* What you should do: Give the data below again exactly as written, without its pictures.

* Supplied data:
--*--
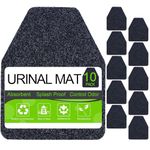 SENCHO GINSYTALIOR 10 Pack Urinal Mats Commercial Eliminating Odor,Urinal Floor Mats,Disposable Toilet Pads for Floor Urine,Splash Mat Pee Pad Black,for Men’s Bathroom,Urine, Restroom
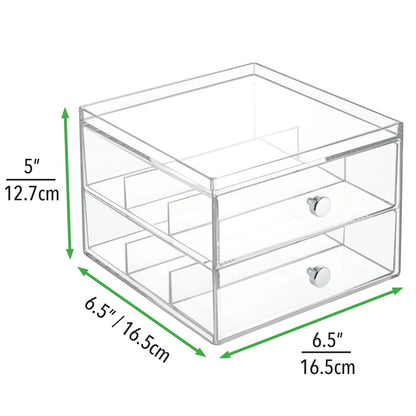 Eyeglass Organizer Holder, Clear Acrylic Storage Box with 2 Divided Drawers for Sunglasses, Eyeglasses and Reading Glasses, Desktop or Drawer Use for Home, Closet or Office Storage, Clear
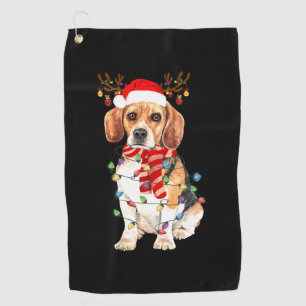 Beagle Christmas Tee Reindeer Christmas Lights Golf Towel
--*--
* Solution:
 SENCHO GINSYTALIOR 10 Pack Urinal Mats Commercial Eliminating Odor,Urinal Floor Mats,Disposable Toilet Pads for Floor Urine,Splash Mat Pee Pad Black,for Men’s Bathroom,Urine, Restroom
 Eyeglass Organizer Holder, Clear Acrylic Storage Box with 2 Divided Drawers for Sunglasses, Eyeglasses and Reading Glasses, Desktop or Drawer Use for Home, Closet or Office Storage, Clear
 Beagle Christmas Tee Reindeer Christmas Lights Golf Towel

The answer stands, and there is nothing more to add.